Gershom Gorenberg, an American-born journalist, has lived in and covered Israel for the last 32 years. He may be best known for his thorough, thoughtful and highly praised book on the founding of the settlement movement, “The Accidental Empire.” He is teaching at the Columbia University Graduate School of Journalism this semester — a first for him — and recently, during a public conversation with J School Dean Nicholas Lemman, spoke about some of the differences between the way journalism is practiced in Israel and the U.S.
The following is based on their discussion, sponsored by the Institute for Israel and Jewish Studies at Columbia, and a follow-up interview
Q: How different is it being a journalist in Israel than here?
A: The pace in Israel is very intense, and there is the overload factor. There is also less objectivity in Israel and smaller degrees of separation. You won’t find journalists there unconnected to the story. It may involve a relative, a friend, a former army buddy. The debate is more freewheeling in Israel. As a journalist, you can always get hold of people [you want to interview], but you can’t get much distance [from the story you are covering].
Is objectivity the ideal in Israel?
It’s still the ideal, but it’s not achieved. Israel is a small town, the whole country is smaller than New York City [in population]. The smaller the society, the more people you know. This intimacy leads to not providing much background or context because everyone knows it, which makes the exercise too “inside.”
How does the U.S. press cover Israel?
People tend to feel that their views are facts and that other people’s views aren’t. Israelis respond like a parent who sees his kid’s bad report and has to conclude either that his kid messed up or has a terrible teacher. I get that feeling talking to people here, too. The expectation [of Israel] is perfection.
Is the American press on Israel’s side?
We Jews have a place in the American imagination that is mythical. Either Jews are not as perfect as they should be, or we feel that any criticism of Israel is based on 2,000 years of anti-Semitism.
Many American Jews see Israel as the New Old Land, the opposite of Herzl’s view [of a socialist utopia described in his novel, “The Old New Old Land”], and Israel is very uncomfortable in the role of taking the place of the Old Country — and does a lousy job of it. When Israel fails to function in that role, it creates a complex emotional relationship [for Americans].

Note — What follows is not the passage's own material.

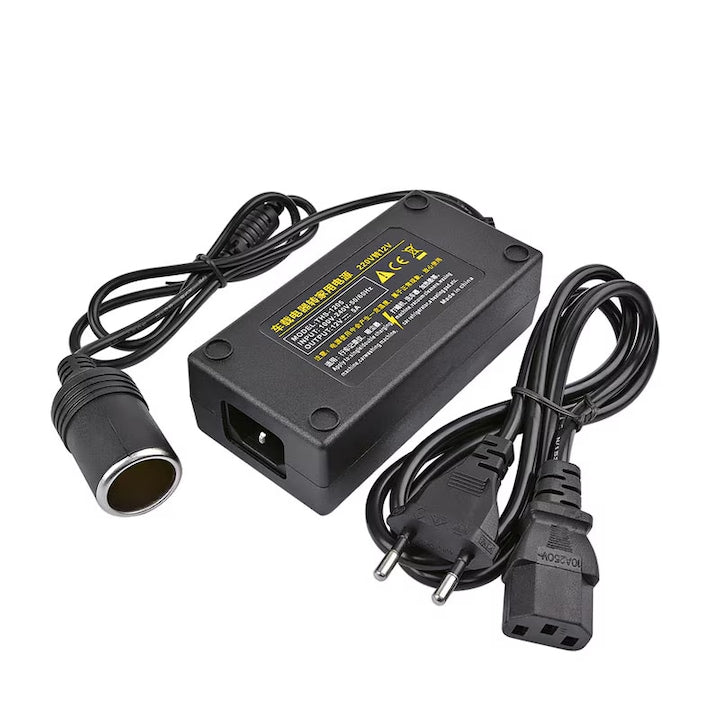 Adaptor Priza AjieQaQ AC/DC 220V-12V/10A 120W Negru 1.5m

When people see that you wear a kipa, do they assume that your politics are right wing?
It happens all the time in Israel. It’s true that most religious Jews in Israel are right of center, but about a quarter are left of center.
What are you teaching at Columbia this semester?
I am co-teaching a class with Ari Goldman on covering religion, including a trip to the Mideast, and it has been great fun. I’m also teaching a course on being a journalist and a historian, writing narrative history. The students are bright, there is great diversity among them and I’m learning a lot as well.